People were treated with kindness and respect; they said their needs were attended to by staff when and if they required it. People respected each other’s privacy. People were supported to maintain links with the important people in their lives and relatives told us they were always consulted and kept informed of important changes.
People were well matched, they liked each other’s company and being of similar ages many had shared interests. They told us they were happy there. Most had personal support hours allocated to them and chose how they utilised these hours to do the activities they wanted to do. Staff listened to what people had to say. Staff said they enjoyed working in the service and our observations showed that there was “a lot of laughter and a lot of fun”, within the service.
People told us they felt safe and liked the registered manager and all the staff that supported them. Relatives told us they had no concerns about the service and were satisfied with the overall standard of support provided. They felt confident in the quality of care and said they were kept fully informed by the staff and communication was good. Professionals we contacted commented positively about the service and raised no concerns.

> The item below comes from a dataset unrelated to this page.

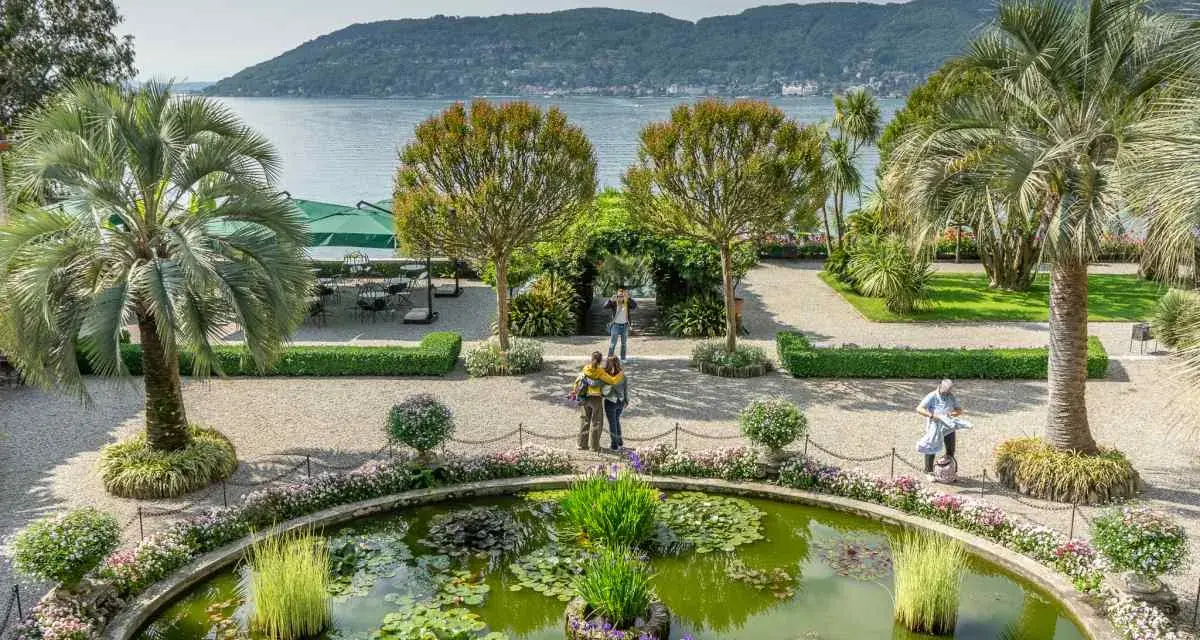 Giardini lussureggianti con laghetto di ninfee, palme e vista sul lago. Perfetto per scoprire cosa vedere a Stresa in un giorno.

People’s medicines were well managed by trained staff. Staff were able to demonstrate they could recognise, respond and report concerns about potential abuse. The premises were well maintained and all necessary checks tests and routine servicing of equipment and installations were carried out.
People ate a varied diet that took account of their personal food preferences. Their health and wellbeing was monitored by staff that supported them to access regular health appointments when needed. Staff understood people’s individual methods of communication and how they best received information.
People were supported to develop and maximise their potential for independence at a pace to suit themselves and that they were comfortable with. Staff were guided in the support they gave to people through the development of individualised plans of care and support; risks were appropriately assessed to ensure measures implemented kept people safe.
People and relatives were routinely asked to comment about the service and their views were analysed and action taken where improvements could be made. A new quality assurance system had been implemented that looked at the self-assessment of performance with different aspects of the service, shortfalls were identified and action plans with clear timescales implemented to ensure improvements were addressed.
We have made three recommendations:
We recommend that the provider replaces personal identity information removed from staff files.
We recommend that a record is made of informal meetings and discussions with staff to inform the overall appraisal of their performance.
We recommend that the provider monitors whether all staff are participating in a minimum of two fire drills annually in accordance with recommendations for staff contained in the Regulatory Reform (Fire Safety) Order 2005.
We found one breach of the Health and Social Care Act 2008 (Regulated Activities) Regulations 2010. You can see what action we told the provider to take at the back of the full version of the report.